Les Malheurs de la C.E.C.A.

Plutôt que ces allées et venues épisodiques dont l’intérêt est assez mince, parce que trop prévues, c’est le sort de la C.E.C.A. qui se joue en ce moment qui appelle les commentaires. L’avenir de cette institution est assez précaire. Il y a longtemps que nous l’avons signalé. Le départ de notre ex-grand argentier, René Mayer, était un premier signe des difficultés qui allaient surgir. L’ex-député de Constantine se tire toujours à temps des situations compromises.

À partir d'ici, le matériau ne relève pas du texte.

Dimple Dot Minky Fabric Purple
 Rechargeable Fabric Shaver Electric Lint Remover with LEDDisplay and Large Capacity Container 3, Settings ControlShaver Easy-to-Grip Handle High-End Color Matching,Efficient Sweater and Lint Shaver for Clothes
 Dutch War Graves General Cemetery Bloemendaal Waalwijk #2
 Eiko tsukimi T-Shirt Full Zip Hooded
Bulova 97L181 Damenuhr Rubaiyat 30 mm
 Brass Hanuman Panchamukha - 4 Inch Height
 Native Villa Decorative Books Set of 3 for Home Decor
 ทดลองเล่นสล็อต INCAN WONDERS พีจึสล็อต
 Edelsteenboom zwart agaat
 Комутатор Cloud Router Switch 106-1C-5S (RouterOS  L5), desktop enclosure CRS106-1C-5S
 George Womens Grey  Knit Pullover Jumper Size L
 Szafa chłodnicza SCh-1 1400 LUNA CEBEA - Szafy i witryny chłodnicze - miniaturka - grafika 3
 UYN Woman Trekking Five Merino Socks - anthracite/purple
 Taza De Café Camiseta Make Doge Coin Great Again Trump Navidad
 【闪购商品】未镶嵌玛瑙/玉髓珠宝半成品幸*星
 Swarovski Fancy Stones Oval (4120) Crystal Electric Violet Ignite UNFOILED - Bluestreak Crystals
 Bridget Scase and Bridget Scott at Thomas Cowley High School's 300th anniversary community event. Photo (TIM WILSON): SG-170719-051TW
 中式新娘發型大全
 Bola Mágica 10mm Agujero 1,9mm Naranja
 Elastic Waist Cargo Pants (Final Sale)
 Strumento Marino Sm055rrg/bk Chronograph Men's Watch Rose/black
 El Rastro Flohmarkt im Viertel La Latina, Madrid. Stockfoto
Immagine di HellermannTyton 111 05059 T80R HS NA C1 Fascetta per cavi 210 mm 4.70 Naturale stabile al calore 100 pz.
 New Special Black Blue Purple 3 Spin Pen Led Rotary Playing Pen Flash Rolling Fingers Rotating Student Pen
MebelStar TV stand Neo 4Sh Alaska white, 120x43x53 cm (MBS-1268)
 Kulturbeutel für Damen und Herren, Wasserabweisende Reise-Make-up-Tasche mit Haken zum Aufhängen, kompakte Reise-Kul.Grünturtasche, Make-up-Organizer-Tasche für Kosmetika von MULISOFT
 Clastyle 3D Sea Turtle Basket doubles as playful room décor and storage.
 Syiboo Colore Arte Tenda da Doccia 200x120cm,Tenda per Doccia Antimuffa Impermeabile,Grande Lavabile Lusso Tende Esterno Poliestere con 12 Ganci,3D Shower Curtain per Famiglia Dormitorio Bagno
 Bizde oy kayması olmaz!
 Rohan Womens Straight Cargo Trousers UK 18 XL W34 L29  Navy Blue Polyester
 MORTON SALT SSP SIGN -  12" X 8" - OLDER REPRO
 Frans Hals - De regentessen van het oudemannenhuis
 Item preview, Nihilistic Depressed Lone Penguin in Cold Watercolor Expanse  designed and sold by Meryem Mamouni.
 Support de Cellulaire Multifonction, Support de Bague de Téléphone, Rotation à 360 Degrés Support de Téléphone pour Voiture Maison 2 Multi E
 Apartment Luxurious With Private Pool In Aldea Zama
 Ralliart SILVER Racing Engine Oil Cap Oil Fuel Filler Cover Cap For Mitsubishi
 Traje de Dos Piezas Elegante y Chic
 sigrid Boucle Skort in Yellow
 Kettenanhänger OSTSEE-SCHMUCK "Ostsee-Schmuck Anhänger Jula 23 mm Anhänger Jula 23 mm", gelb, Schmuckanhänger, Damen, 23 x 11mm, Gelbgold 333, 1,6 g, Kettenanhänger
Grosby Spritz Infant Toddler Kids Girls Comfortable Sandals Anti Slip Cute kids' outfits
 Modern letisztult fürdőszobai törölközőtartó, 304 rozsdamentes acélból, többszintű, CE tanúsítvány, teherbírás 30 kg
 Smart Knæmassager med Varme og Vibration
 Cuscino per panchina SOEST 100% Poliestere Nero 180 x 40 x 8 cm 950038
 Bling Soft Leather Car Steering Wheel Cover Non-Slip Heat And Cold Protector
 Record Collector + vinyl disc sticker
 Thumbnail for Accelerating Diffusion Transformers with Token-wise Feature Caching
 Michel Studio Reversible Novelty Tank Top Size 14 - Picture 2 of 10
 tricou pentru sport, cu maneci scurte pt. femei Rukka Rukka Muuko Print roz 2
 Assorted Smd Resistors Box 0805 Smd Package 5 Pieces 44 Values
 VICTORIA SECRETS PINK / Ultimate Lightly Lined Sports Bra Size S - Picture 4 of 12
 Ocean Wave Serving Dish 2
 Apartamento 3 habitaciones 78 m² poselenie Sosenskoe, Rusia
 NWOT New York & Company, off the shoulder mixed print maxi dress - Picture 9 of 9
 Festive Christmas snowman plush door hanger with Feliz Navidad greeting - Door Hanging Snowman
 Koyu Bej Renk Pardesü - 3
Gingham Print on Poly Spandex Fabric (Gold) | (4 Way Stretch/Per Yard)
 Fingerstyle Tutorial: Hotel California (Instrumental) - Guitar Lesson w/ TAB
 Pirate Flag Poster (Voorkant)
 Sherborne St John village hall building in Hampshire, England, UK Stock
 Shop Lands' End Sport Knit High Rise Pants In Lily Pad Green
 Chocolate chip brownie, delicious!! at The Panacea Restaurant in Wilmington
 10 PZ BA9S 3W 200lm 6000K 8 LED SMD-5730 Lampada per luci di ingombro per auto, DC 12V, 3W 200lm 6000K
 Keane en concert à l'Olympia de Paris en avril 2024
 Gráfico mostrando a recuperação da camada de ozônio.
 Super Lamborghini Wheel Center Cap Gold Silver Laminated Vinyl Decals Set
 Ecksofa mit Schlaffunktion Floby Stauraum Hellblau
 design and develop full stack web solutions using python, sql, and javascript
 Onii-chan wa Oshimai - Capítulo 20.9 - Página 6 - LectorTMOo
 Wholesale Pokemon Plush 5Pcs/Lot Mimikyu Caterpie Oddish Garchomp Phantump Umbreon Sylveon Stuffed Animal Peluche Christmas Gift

Aujourd’hui, la Haute Autorité, sous la faible direction du belge M. Finet, n’a pu éviter le conflit avec les Gouvernements qui composent la Communauté. Celle-ci voulait imposer une déclaration de crise manifeste du charbon qui n’est que trop évidente, et les mesures autoritaires qui découlent de cet état de fait et de droit. Son caractère de supranationalité lui en donnait les moyens. Mais trois des ministres sur six, Français, Allemand et Italien ont refusé de souscrire. Les intérêts particuliers de ces pays étant en jeu, aucun n’a voulu les sacrifier au principe d’une autorité supérieure. Et c’est là le drame. Il ne peut y avoir d’Europe si l’harmonie entre intérêts, fatalement divergents à un moment ou l’autre, n’est pas imposée par un arbitrage supérieur et sans recours. Pour la C.E.C.A., comme pour la Communauté Européenne, les choses vont assez bien tant que les affaires sont prospères. Tout se gâte quand elles fléchissent. C’est le cas du charbon.

 

La Crise du Charbon

En Belgique les stocks s’accumulent, on ferme des puits ; le chômage s’installe et le climat social s’est gâté. La France accuse, non sans raison, les Belges d’imprévoyance et comme notre production est absorbée jusqu’ici par la consommation intérieure, elle se refuse à réduire cette production et à licencier des mineurs. Les Allemands, eux, ont des stocks qui s’accumulent, mais ils ont paré aux difficultés parce qu’ils peuvent imposer à leur main-d’œuvre charbonnière des réductions de travail sans mobiliser les gendarmes. De plus, ils ont décrété, malgré la Haute Autorité, un droit de douane prohibitif sur les charbons américains qu’ils importaient massivement au temps où ils en manquaient. Quant à l’Italie, elle préfère importer les charbons américains qui, au prix du fret, lui reviennent moins cher que les charbons belges et même allemands. Personne, pas même les Pays-Bas qui n’ont pas de stocks, ne veut subventionner la Belgique pour lui permettre de vendre son charbon, ni réduire sa propre production en sa faveur.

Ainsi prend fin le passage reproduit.